▸ **ABOUT THIS EXERCISE**:
Under this line is a listing; return exactly the lines starting at the one with "Brian A. (Western" and running down to the one with "Let There be", and leave out its pictures.

▸ **DATA EXTRACTS**:
....................
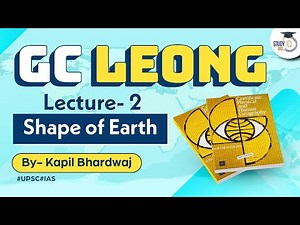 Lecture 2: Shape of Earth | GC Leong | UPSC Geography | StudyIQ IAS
....................
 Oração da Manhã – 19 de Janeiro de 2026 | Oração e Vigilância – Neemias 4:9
....................
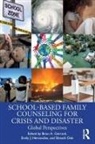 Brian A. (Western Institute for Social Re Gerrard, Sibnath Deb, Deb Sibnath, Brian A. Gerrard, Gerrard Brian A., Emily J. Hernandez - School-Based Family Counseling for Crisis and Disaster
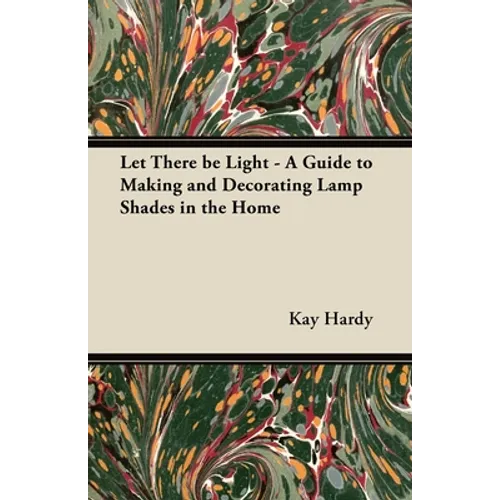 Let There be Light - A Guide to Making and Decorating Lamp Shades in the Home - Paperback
....................
▸ **EXERCISE SOLUTION**:
 Brian A. (Western Institute for Social Re Gerrard, Sibnath Deb, Deb Sibnath, Brian A. Gerrard, Gerrard Brian A., Emily J. Hernandez - School-Based Family Counseling for Crisis and Disaster
 Let There be Light - A Guide to Making and Decorating Lamp Shades in the Home - Paperback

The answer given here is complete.